> **SOURCE MATERIAL**:
-- Opening Marker --

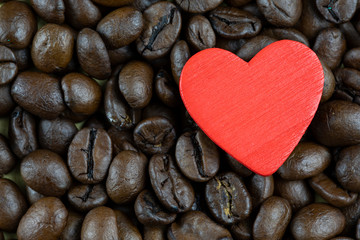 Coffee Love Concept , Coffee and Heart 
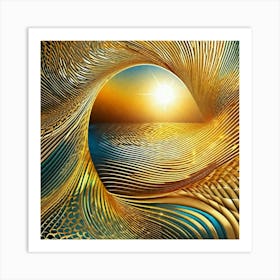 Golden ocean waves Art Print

-- Closing Marker --
-- Opening Marker --

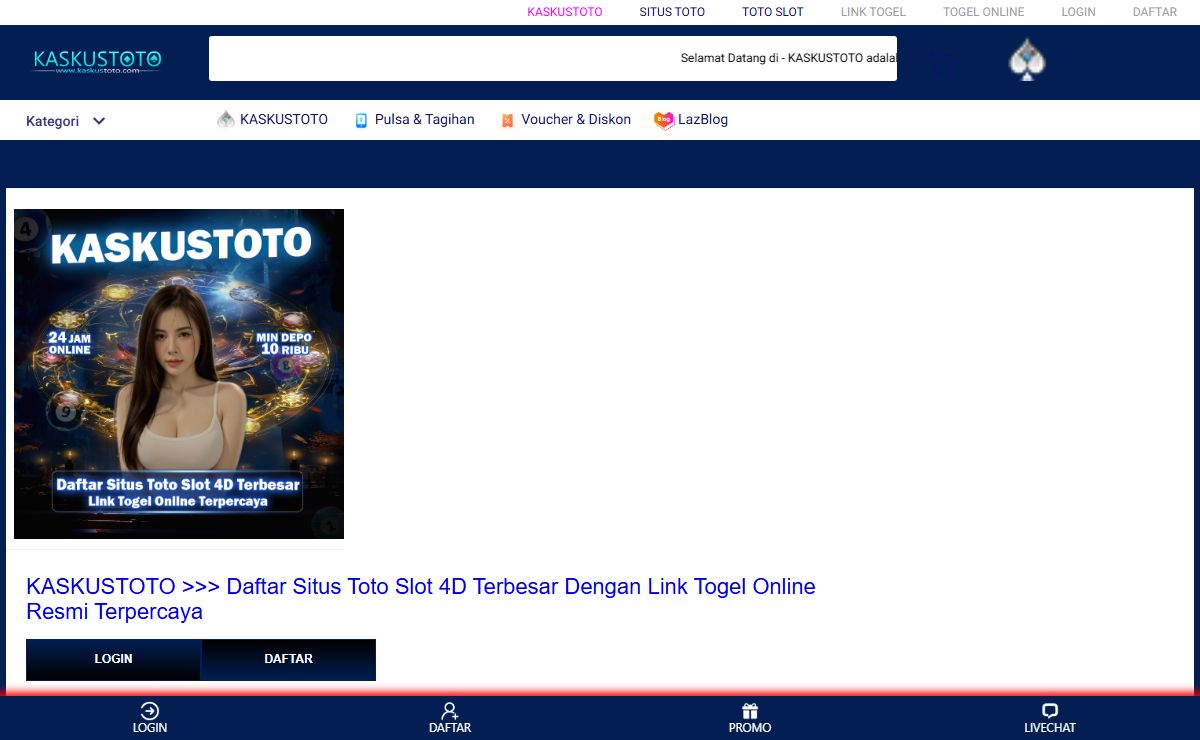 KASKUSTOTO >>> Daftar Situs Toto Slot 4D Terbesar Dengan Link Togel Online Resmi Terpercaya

-- Closing Marker --

Would you output only the span of the records above that opens with the line containing "Coffee Love Concept , Coffee and Heart" and closes with the line containing "Golden ocean waves Art Print", ends included and pictures dropped?

 Coffee Love Concept , Coffee and Heart 
 Golden ocean waves Art Print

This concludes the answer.